Georgia’s senior senator said he anticipates primary opposition when he runs for re-election in 2014, but won’t take it as a penalty for speaking politely with Democrats. Rather, he’ll consider it feature of Georgia’s status as a one-party state.
“Just look at what’s going on in our congressional delegation right now. Every one of them, except Tom Graves, has one or multiple primary opponents,” Chambliss said. “We can all remember that Democrats had primary opposition on a regular basis, even incumbents. I think it’s only natural to think that that’s going to happen.”
But Chambliss is not worried. “I never sold my house,” he said.

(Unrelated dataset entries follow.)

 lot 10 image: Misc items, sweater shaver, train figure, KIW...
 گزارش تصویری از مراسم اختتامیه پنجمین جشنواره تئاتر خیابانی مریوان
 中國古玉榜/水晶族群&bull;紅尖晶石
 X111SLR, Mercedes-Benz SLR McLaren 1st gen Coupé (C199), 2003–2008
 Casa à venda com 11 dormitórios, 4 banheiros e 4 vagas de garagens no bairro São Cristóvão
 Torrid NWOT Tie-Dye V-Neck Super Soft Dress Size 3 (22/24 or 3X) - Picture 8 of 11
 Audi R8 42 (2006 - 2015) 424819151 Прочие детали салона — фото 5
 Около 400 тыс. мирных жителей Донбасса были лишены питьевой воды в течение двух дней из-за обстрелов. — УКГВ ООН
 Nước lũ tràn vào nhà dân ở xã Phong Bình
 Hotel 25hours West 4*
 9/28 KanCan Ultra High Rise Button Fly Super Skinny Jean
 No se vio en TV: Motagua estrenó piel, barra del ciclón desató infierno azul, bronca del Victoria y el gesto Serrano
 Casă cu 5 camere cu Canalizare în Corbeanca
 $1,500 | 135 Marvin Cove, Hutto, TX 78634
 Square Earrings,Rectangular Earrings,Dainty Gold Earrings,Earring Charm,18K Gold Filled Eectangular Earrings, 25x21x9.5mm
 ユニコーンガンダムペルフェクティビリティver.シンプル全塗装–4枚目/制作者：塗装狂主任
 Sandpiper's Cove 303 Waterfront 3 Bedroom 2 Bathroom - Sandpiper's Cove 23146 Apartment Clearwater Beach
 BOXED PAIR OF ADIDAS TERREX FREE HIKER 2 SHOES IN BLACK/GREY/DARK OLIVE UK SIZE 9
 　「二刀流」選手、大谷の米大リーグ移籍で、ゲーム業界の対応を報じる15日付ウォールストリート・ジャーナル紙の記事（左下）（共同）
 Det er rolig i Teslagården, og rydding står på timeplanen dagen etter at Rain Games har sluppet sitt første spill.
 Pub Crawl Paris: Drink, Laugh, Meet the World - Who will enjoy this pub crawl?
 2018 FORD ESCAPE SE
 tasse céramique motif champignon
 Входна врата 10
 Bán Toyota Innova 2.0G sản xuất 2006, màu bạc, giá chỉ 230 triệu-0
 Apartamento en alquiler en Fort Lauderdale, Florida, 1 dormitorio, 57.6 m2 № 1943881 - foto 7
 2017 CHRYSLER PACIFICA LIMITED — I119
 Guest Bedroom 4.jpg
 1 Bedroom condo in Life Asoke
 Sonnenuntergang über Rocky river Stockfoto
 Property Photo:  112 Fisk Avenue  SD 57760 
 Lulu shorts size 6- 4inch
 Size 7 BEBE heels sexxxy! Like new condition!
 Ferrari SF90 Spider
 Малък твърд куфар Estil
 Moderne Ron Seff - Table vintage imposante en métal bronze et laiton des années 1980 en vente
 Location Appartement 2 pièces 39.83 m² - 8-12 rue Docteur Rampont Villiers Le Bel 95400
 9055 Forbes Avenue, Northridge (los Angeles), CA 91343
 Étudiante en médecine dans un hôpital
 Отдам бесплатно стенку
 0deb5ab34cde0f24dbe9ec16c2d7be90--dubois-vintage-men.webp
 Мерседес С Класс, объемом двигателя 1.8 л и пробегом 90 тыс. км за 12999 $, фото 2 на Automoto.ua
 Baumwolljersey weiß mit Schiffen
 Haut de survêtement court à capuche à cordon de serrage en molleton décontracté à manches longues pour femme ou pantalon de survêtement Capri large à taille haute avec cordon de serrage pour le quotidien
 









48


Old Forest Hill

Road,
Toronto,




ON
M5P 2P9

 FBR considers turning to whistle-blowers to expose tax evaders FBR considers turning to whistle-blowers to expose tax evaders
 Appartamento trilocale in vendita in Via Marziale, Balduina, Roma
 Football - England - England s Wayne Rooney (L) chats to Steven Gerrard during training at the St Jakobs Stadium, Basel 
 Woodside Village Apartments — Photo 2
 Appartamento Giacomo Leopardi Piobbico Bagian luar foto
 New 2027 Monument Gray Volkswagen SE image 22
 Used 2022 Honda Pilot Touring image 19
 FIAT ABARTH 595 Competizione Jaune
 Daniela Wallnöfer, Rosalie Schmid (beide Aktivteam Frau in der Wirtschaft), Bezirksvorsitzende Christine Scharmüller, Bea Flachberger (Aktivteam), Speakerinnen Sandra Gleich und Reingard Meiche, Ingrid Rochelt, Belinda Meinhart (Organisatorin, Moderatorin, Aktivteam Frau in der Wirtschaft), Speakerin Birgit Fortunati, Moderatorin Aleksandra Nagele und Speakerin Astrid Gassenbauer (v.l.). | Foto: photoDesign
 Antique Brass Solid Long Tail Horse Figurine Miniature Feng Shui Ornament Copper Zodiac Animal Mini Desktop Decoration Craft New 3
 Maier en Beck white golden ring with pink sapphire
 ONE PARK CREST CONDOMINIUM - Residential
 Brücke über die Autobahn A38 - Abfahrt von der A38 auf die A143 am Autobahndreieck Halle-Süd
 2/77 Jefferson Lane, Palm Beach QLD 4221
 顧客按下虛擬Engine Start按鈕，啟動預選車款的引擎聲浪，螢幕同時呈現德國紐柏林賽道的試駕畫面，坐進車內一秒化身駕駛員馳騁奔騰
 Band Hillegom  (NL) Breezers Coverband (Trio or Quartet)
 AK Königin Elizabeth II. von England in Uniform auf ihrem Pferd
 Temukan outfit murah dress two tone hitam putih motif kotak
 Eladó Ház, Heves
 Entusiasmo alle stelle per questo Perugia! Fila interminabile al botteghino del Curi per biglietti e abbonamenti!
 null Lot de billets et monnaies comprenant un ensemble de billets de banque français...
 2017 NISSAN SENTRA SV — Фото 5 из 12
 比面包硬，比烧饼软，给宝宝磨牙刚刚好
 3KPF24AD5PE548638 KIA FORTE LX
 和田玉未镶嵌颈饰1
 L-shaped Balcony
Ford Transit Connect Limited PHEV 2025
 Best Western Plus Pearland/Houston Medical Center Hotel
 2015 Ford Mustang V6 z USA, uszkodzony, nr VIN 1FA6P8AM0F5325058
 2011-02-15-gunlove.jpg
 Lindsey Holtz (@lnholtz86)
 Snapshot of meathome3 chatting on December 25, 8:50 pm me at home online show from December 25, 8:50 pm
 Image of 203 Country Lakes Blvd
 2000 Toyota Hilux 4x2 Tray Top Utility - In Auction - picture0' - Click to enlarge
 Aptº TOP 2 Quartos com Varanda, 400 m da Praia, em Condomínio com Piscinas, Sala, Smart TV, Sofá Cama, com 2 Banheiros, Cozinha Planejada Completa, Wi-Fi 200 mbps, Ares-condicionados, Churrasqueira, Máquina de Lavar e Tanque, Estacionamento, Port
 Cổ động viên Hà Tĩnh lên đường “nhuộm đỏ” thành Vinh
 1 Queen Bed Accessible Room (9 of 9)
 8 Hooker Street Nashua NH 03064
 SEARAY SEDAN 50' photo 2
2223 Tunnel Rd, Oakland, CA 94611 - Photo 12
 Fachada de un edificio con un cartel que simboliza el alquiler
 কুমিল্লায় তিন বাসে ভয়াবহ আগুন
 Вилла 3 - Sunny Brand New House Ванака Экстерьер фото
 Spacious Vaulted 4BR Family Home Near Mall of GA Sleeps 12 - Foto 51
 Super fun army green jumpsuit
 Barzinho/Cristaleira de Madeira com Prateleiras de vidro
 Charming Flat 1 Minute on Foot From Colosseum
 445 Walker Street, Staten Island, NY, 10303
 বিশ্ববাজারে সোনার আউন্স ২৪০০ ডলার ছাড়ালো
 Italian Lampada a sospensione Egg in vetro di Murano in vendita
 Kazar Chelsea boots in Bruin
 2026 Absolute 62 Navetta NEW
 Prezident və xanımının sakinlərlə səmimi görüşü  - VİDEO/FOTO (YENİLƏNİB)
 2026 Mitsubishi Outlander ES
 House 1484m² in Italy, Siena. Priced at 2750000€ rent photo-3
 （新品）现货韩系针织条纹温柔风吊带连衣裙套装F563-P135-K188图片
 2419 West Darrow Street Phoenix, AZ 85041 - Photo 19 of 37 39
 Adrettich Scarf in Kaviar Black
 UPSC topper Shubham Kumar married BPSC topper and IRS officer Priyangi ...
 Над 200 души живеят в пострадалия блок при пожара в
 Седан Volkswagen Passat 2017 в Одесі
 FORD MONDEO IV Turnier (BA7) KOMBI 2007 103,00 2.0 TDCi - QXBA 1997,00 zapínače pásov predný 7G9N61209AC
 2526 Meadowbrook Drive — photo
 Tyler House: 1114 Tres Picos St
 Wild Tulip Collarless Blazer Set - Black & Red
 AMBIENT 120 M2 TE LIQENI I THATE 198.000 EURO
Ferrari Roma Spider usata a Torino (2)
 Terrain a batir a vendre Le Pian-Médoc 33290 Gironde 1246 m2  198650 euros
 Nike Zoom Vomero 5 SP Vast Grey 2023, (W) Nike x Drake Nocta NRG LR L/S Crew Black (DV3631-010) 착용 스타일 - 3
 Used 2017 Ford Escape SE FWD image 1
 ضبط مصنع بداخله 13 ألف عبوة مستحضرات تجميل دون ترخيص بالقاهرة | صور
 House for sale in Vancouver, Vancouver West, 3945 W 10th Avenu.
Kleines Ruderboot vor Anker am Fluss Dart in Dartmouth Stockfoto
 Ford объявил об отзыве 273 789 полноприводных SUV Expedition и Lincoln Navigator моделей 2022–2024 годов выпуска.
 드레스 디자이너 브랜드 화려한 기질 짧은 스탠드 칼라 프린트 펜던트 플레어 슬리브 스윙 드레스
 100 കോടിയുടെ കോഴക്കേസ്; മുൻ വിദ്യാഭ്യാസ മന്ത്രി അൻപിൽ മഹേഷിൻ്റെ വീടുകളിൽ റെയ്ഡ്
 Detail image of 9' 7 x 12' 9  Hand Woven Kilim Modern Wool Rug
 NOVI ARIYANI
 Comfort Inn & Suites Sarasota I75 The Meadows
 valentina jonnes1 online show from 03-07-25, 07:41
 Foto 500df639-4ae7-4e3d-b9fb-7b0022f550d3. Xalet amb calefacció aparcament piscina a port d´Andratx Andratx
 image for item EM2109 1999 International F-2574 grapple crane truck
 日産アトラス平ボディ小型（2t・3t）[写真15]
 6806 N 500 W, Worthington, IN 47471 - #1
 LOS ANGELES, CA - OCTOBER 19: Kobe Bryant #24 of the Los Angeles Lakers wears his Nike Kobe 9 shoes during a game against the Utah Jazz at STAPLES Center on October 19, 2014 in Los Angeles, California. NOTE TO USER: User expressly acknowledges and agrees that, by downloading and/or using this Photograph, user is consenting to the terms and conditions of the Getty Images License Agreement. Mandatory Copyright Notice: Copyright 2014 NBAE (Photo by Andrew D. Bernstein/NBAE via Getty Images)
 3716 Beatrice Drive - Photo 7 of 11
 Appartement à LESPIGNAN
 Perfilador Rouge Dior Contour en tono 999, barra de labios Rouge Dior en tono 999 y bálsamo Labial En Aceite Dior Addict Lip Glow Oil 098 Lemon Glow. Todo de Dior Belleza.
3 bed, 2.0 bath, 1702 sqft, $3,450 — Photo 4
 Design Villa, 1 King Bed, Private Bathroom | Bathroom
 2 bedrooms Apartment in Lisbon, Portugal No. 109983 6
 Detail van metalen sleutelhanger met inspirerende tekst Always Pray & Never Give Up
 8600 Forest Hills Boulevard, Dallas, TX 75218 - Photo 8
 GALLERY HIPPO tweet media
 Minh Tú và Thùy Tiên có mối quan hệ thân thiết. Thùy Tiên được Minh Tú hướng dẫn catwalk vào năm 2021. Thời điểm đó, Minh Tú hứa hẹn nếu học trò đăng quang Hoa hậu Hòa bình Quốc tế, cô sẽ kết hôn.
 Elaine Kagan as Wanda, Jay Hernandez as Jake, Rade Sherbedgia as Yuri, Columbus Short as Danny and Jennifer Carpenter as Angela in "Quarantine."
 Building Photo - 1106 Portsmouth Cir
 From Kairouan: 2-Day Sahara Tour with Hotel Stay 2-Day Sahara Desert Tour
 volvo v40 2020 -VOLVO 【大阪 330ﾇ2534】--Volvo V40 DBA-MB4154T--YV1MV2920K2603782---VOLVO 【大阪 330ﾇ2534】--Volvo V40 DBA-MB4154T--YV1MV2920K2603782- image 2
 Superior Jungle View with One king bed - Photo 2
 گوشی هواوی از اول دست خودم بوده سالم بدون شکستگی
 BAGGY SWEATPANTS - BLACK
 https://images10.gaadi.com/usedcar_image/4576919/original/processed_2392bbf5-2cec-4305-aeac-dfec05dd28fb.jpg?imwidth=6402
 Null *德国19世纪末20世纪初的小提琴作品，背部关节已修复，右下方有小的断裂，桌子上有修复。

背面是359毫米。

Now, as to the F-22: On Sunday, “60 Minutes” featured two Air Force officers, in uniform, describing problems with the stealth fighter’s oxygen system that had caused them to refuse to fly the plane.
The interview was conducted in the presence of a member of Congress, to assure the pair of their protected status.
“I actually caught part of it live. I didn’t know it was coming on. It’s not a new issue – it’s been with us for a good while. Needless to say, it’s a serious issue, and being taken seriously by the Air Force,” Chambliss said.
“It’s not often that you active duty personnel exercise whistle-blower rights. I don’t think I’ve ever seen it before,” Chambliss said. The senator said he anticipated no specific hearings on the plane’s problems.
The F-22 has been criticized as an expensive, Cold War beast that was ill-suited to the asymmetrical warfare in Iraq and Afghanistan – where it was not used. However, a U.S. flock of F-22s was recently sent to the United Arab Emirates – as a not-so-subtle message to Iran.
“I was coming back from Afghanistan last week – we ended up staying an extra day in Dubai, and had a chance to visit personnel there. We have just moved some F-22s to Dubai,” said the ranking Republican on the Senate Intelligence Committee.
Iran is equipped with a Russian-made missile defense system designed to go the Patriot system one better. “When you go into air space where you’ve got SA-20s, nothing we have in the inventory other than the F-22 can fly in there and take out those types of missiles without being shot down. So it’s still the Air Force’s main weapons system,” Chambliss said.